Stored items
--- --- ---
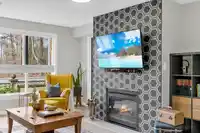 210 13860 70 AVENUE - thumbnail 1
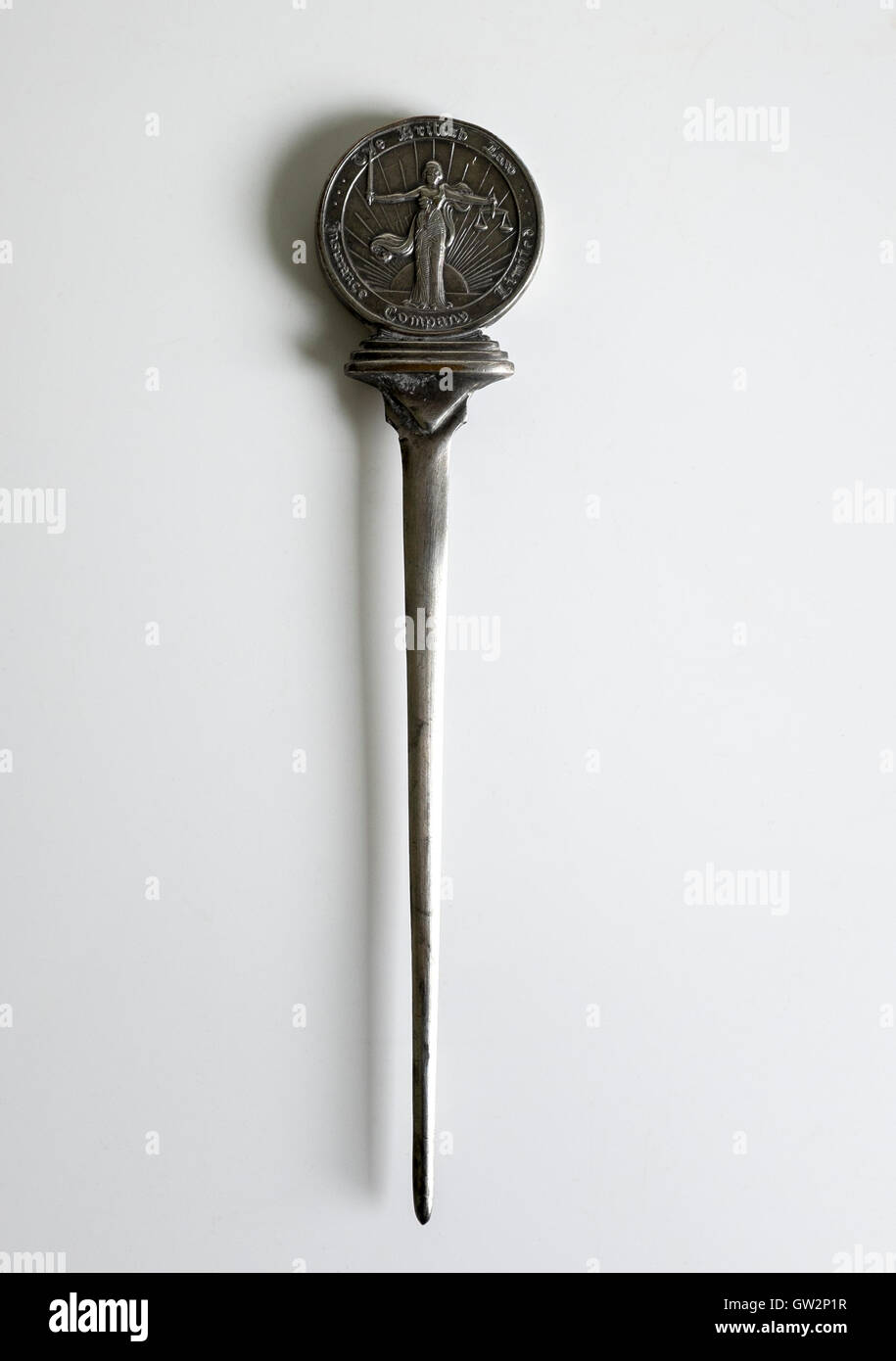 La legge britannica Insurance Company Ltd carta Lettera coltello assolcatore Foto Stock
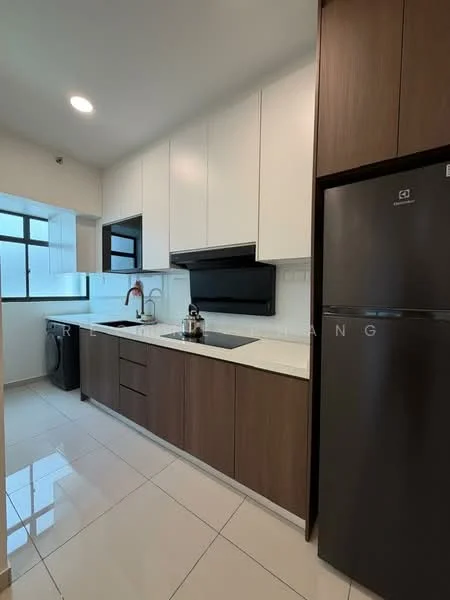 Kitchen features: white upper cabinets, brown lower cabinets, black countertop, stainless-steel sink, chrome pull-down faucet, built-in oven, stainless-steel fridge, ceramic tile flooring, recessed downlights, window with black frame, washing machine, wall-mounted cabinets; style: modern.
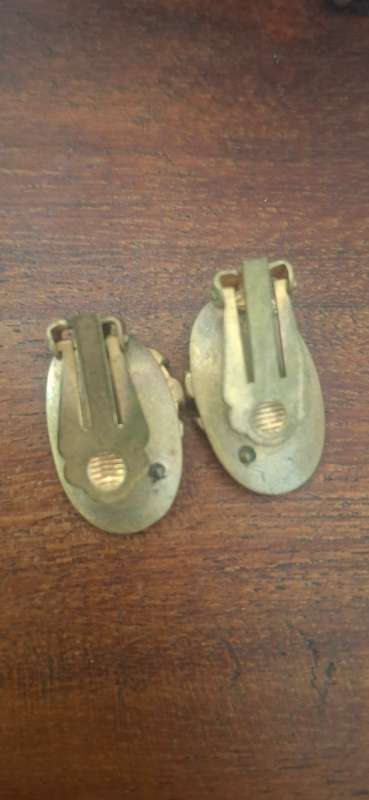 Vintage clipp on earrings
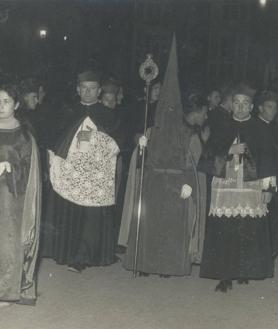 Imagen secundaria 2 - Costaleros de La Soledad junto al paso titular, el Descendimiento iluminado y cofrades y miembros de la Iglesia en la procesión del Viernes Santo de 1957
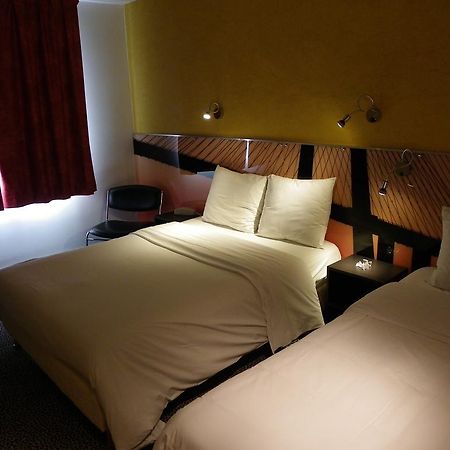 Hotel Logitel Saint-Doulchard Exteriör bild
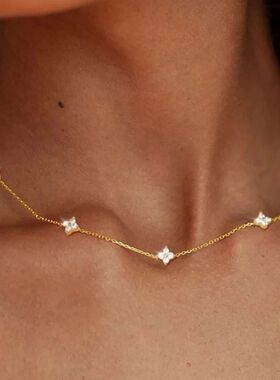 925 Silver Plated Four-leaf Flower Zircon Chain Necklace for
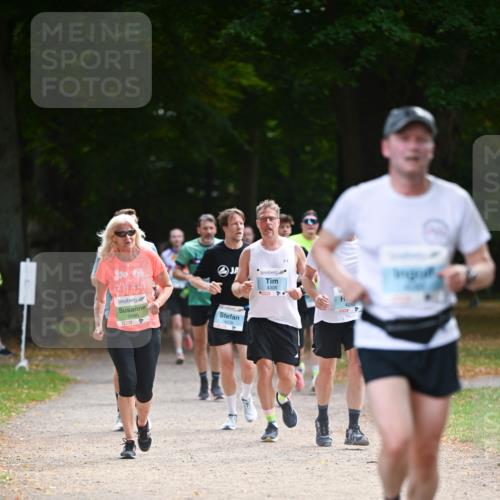 31.08.2025 - 21. Blankeneser Heldenlauf Dr. Thomas Lammeyer http://msf.ph/oto/8640887 31.08.2025 11:01:27 Laufen 4308, 3080 meine-sportfotos.de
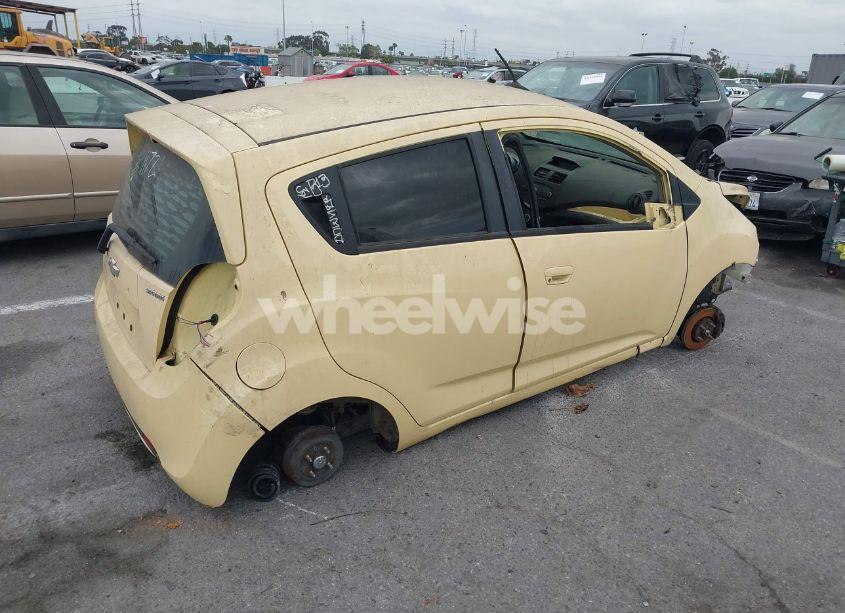 Photo 4 of 2014 Chevrolet Spark LS AUTO (VIN KL8CB6S92EC404096)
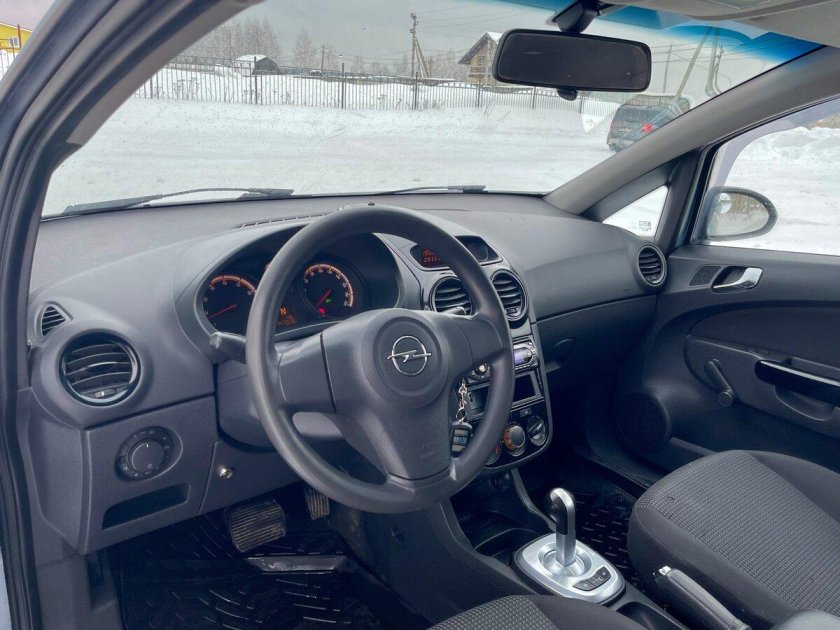 Опель корса 2007 салон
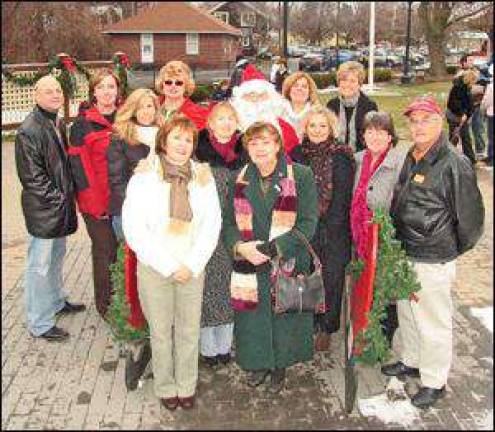 Realtors bring horse and carriage rides, plus Santa, to Railroad Green Realtors bring horse and carriage rides, plus Santa, to Railroad Green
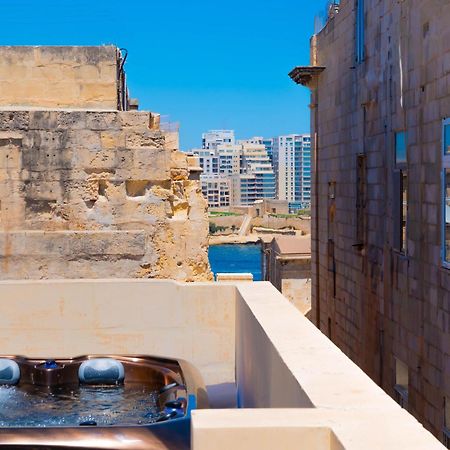 Exquisite 3-Bedroom Duplex Penthouse With Jacuzzi In Valletta Centre Exterior foto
--- --- ---
PROBLEM TO SOLVE
Retype the entries above word for word, minus any images.

TASK ANSWER
 210 13860 70 AVENUE - thumbnail 1
 La legge britannica Insurance Company Ltd carta Lettera coltello assolcatore Foto Stock
 Kitchen features: white upper cabinets, brown lower cabinets, black countertop, stainless-steel sink, chrome pull-down faucet, built-in oven, stainless-steel fridge, ceramic tile flooring, recessed downlights, window with black frame, washing machine, wall-mounted cabinets; style: modern.
 Vintage clipp on earrings
 Imagen secundaria 2 - Costaleros de La Soledad junto al paso titular, el Descendimiento iluminado y cofrades y miembros de la Iglesia en la procesión del Viernes Santo de 1957
 Hotel Logitel Saint-Doulchard Exteriör bild
 925 Silver Plated Four-leaf Flower Zircon Chain Necklace for
 31.08.2025 - 21. Blankeneser Heldenlauf Dr. Thomas Lammeyer http://msf.ph/oto/8640887 31.08.2025 11:01:27 Laufen 4308, 3080 meine-sportfotos.de
 Photo 4 of 2014 Chevrolet Spark LS AUTO (VIN KL8CB6S92EC404096)
 Опель корса 2007 салон
 Realtors bring horse and carriage rides, plus Santa, to Railroad Green Realtors bring horse and carriage rides, plus Santa, to Railroad Green
 Exquisite 3-Bedroom Duplex Penthouse With Jacuzzi In Valletta Centre Exterior foto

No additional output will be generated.